(181d) Safety Stocks Revisited: Terminal Constraints for Closed-Loop Scheduling | AIChE

(181d) Safety Stocks Revisited: Terminal Constraints for Closed-Loop Scheduling

Authors 

Dong, Y. - Presenter, University of Wisconsin-Madison
Maravelias, C., Princeton University
Safety stocks have been used in supply chain (SC) management to prevent stockouts, and it has been shown that they also play an important role in scheduling, especially closed-loop scheduling. In the optimal solution for a scheduling model without any safety stock as terminal constraints, inventory levels tend to be very low at the end of horizon, so that the production, transition and inventory holding cost can be minimized [1]. However, if such a solution is implemented, the problem may be infeasible for the following horizon, because the initial inventory is almost depleted, and the demand at the start of the following horizon cannot be satisfied. In the SC literature, a safety stock is generally required for the inventory level of each product at the end of the horizon, based on the statistics of the lead time of SC arcs and demand rate of SC nodes [2]. In some scheduling works, the terminal inventory levels are required to be equal to the initial value or to one of the values in a cyclic solution, and these would lead to recursive feasibility [3]. However, all of the aforementioned approaches neglect the relationship of the inventory levels among products, or among materials in different stages (echelons). For instance, in a single-stage, two-product network, if the terminal level of one product is higher, we can possibly decrease the other. Thus, in this work, we present methods to generate terminal constraints based on the specific network structure. The proposed methods account for the interdependencies among products or materials in different stages. These terminal constraints are linear, which can be easily incorporated in any mixed integer programming (MIP) model.
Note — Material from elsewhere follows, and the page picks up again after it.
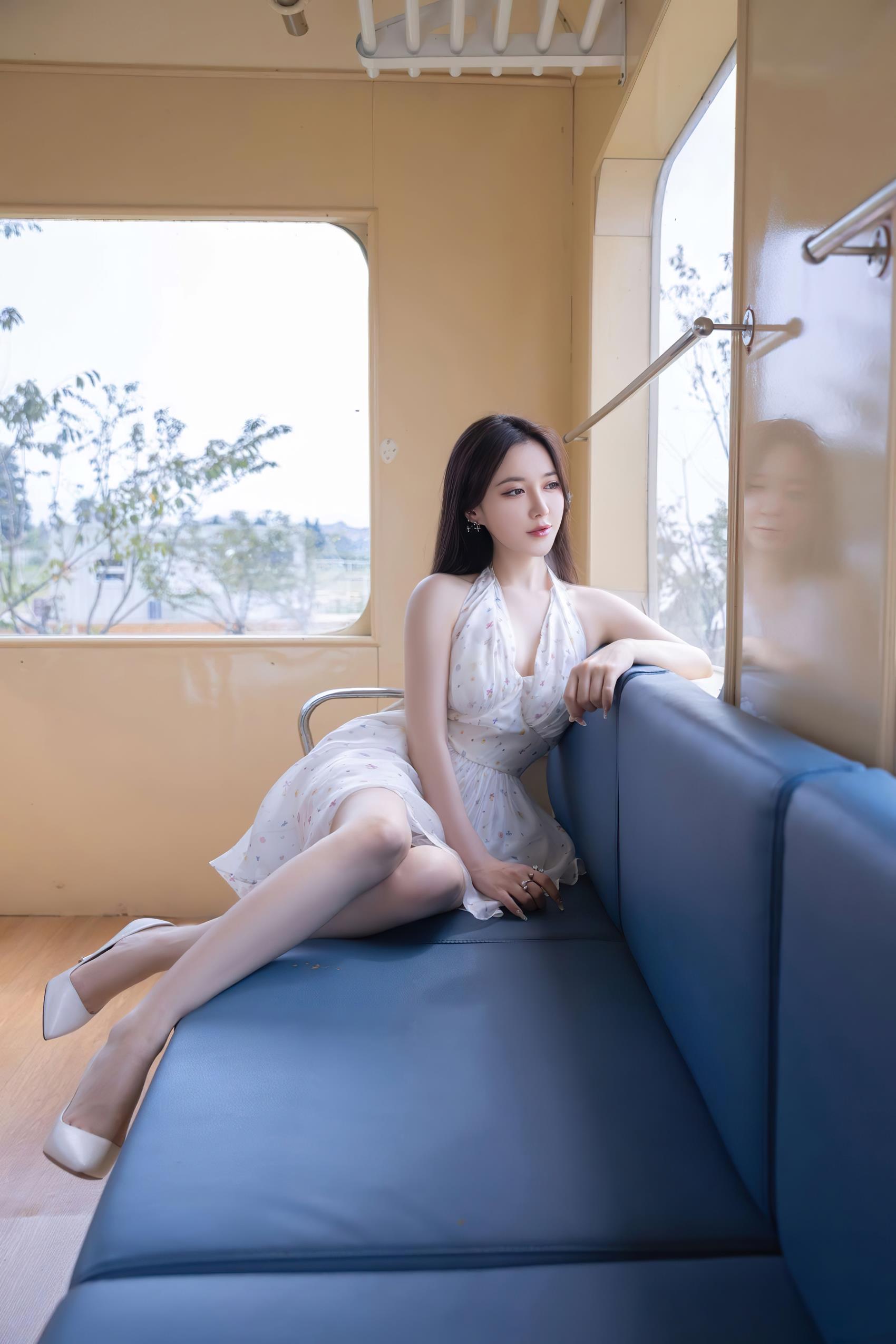 鱼子酱Fish – 内购无水印 风吹过想你的车站 [120P/889MB]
We generalize our methods from simple network structures to the more complex ones. First, we focus on the single-unit, multi-product problem. By solving an auxiliary linear programming model, we obtain the frequencies of tasks in a campaign mode. Using these frequency numbers, we formulate the linear terminal constraints, and we present two different formulations. We also prove that these constraints ensure feasibility for the next optimization problem. Second, we generalize the first network to the single-stage, multi-unit, multi-product network, in which both homogeneous and heterogeneous units are considered. Third, we study the multi-stage single-product network. Due to the integrality requirement of batches, the original terminal constraints have round-down operators leading to nonlinearities. We show different options to linearize the constraints, either by introducing auxiliary integer variables or by writing stronger terminal constraints. Fourth, based on the logic of the aforementioned simpler networks, we discuss how to formulate terminal constraints for the multi-stage, multi-product network. For the simpler networks, we rigorously prove that the terminal constraints are valid, i.e., the constrained inventory levels ensure the feasibility for future horizons. For the complex networks, we present results from a case-study to show the effectiveness of the proposed terminal constraints. By recursively solving the scheduling model starting from different initial inventory levels and checking the feasibility, we characterize the true feasible region of the terminal inventory levels. Comparing the true feasible region to the feasible region from terminal constraints, we show that most, if not all, of the inventory levels satisfying the terminal constraints lead to recursive feasibility.

References:

[1] Lima, R. M.; Grossmann, I. E.; Jiao, Y. Long-term scheduling of a single-unit multi-product continuous process to manufacture high performance glass. Comput. Chem. Eng. 2011, 35(3), 554â??574.

[2] Eppen, G.D.; Martin, R.K. Determining safety stock in the presence of stochastic lead time and demand. Manag. Sci. 1988, 34(11), 1380-1390.

[3] Subramanian, K.; Maravelias, C.T.; Rawlings, J.B. A state-space model for chemical production scheduling. Comput. Chem. Eng. 2012, 47, 97-110.